In my practice, I create images that evoke the border wall as a kaleidoscope. The Rio Grande Valley, Texas, a site of Gore Capitalism, is the new frontier for an interplanetary society. Within these borders - The US/Mexico
border wall, The United States Checkpoint, and the Kármán line 60 miles above us - strategies
of power are acted out. The assemblage of surveillance, physical barriers, policing, and mass
incarceration, contribute to sculpting a model migrant or citizen of the borderlands. This ideal
person is docile, resilient, able to withstand physical stress, underpaid, and not fast enough. In
my long-distance intimate auto-ethnographic studio, I engage in the standardization of image-making. Images are set in the past, present, and future, images as living landscapes,
portraiture, documentation, and fabrication of anthropological studies create a chain reaction of
mythological storytelling, crossing evidence with alchemy. My starting point is the presence of
aerospace factories in these lands. These companies are SpaceX and United Launch Alliance. I
appropriate from my father's labor as a factory worker, down to .001 inches of sweat.

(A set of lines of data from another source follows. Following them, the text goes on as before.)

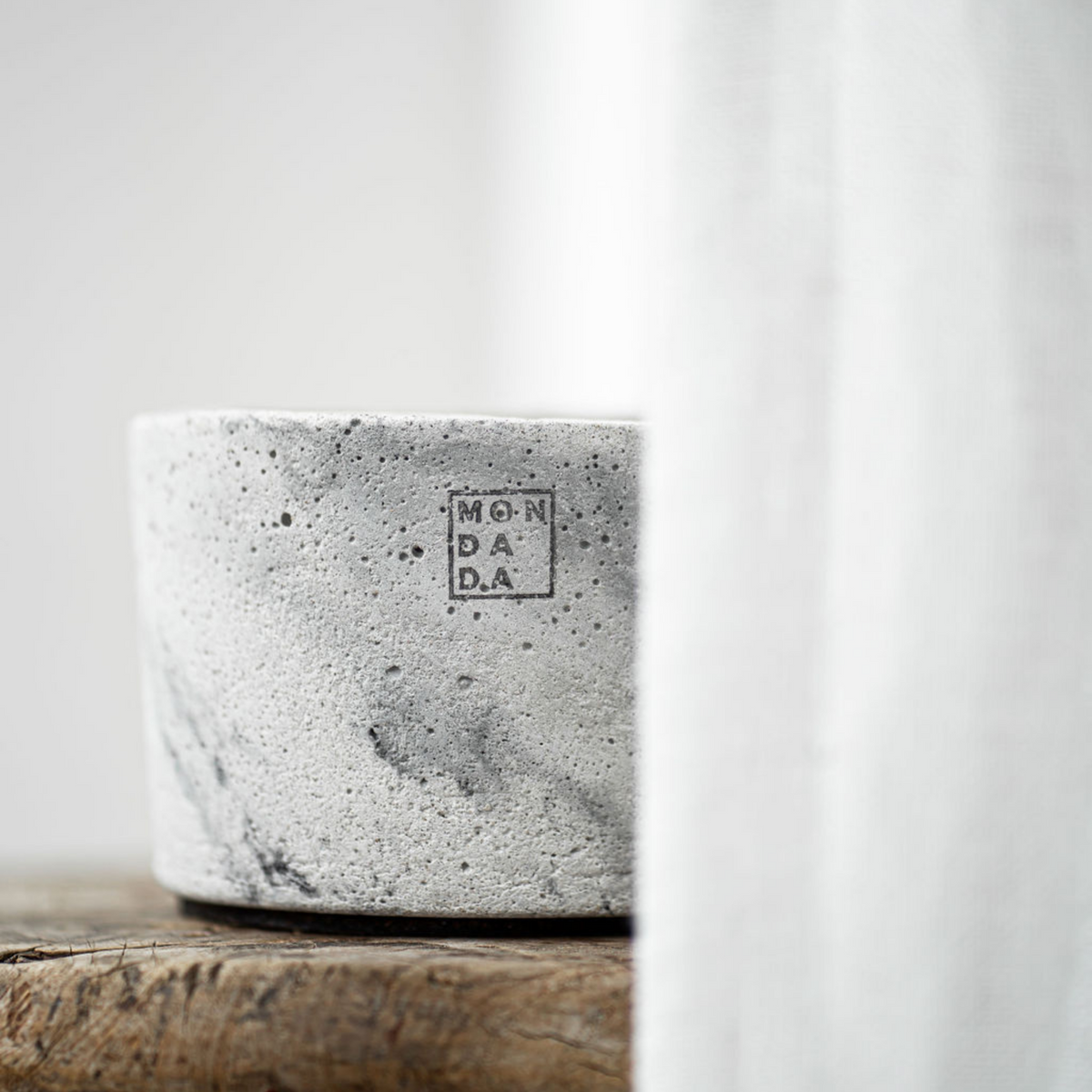 Urban Indoor Candle - Small — imagem oficial Mon Dada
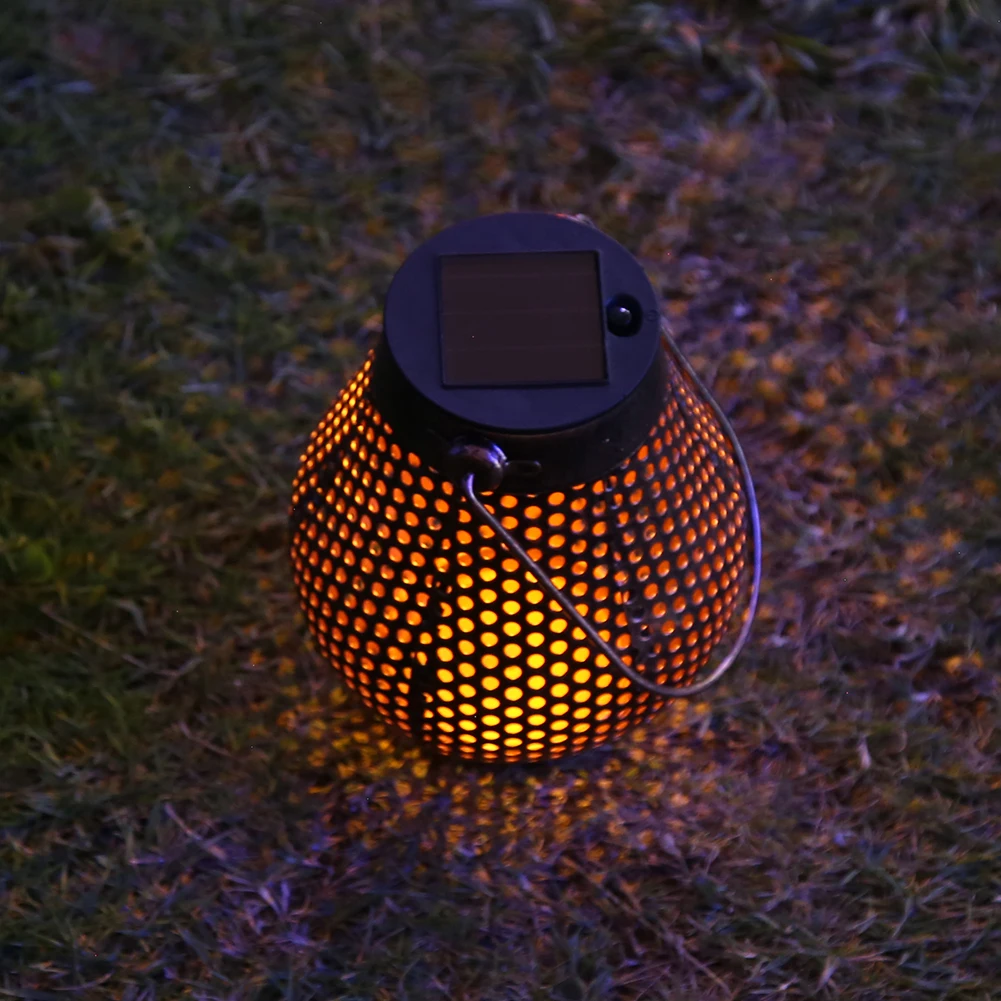 Железный художественный проекционный светодиодный светильник на солнечной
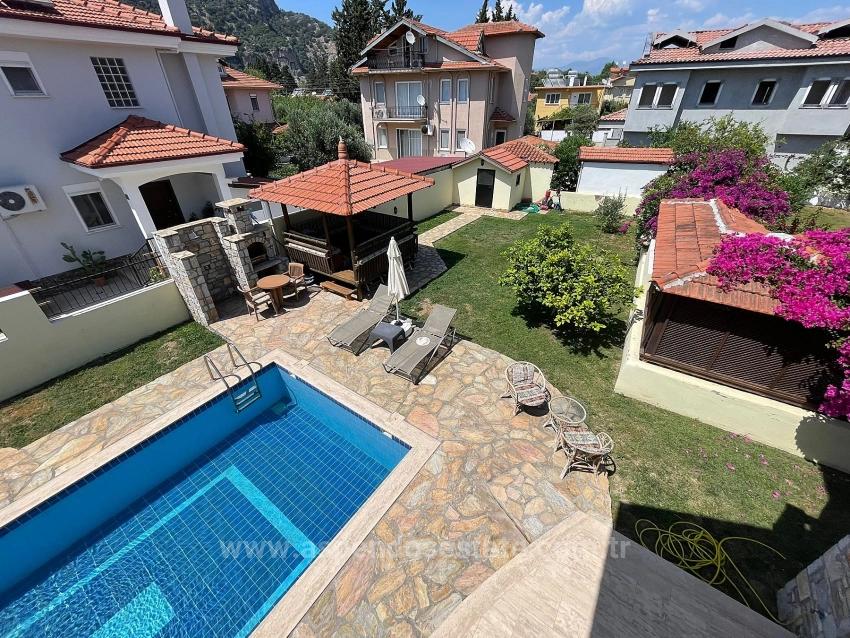 Dalyan Maraş'da Kral Mezarları Manzaralı Satılık Villa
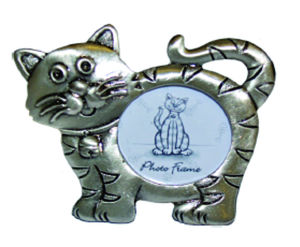 DP10312A Pewter look cat picture frame
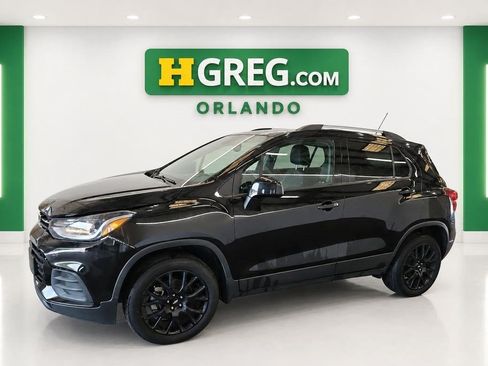 Used 2022 Chevrolet Trax LT w/ Midnight Edition AWD/4WD image 4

He worked
as a structural mechanic for 34 years at United Launch Alliance, an intimate relationship
between Lockheed Martin and Boeing in Harlingen, Texas. During breaks and dirty jokes, my
dad and his friends shot magically sanitized rivets, constructing the Atlas V rocket. The payload
faring includes the Mars Curiosity Rover as well as the means for space exploration,
colonization, warfare, surveillance satellites, militarized communications, and weather analysis. I
use curiosity and technical perfection in my gridded dioramas, large-scale inkjet prints, to
magnify the catastrophe of these worlds collapsing. The body is staged, shirtless, dusty, with
stainless steel reflection, sterilized for new lands.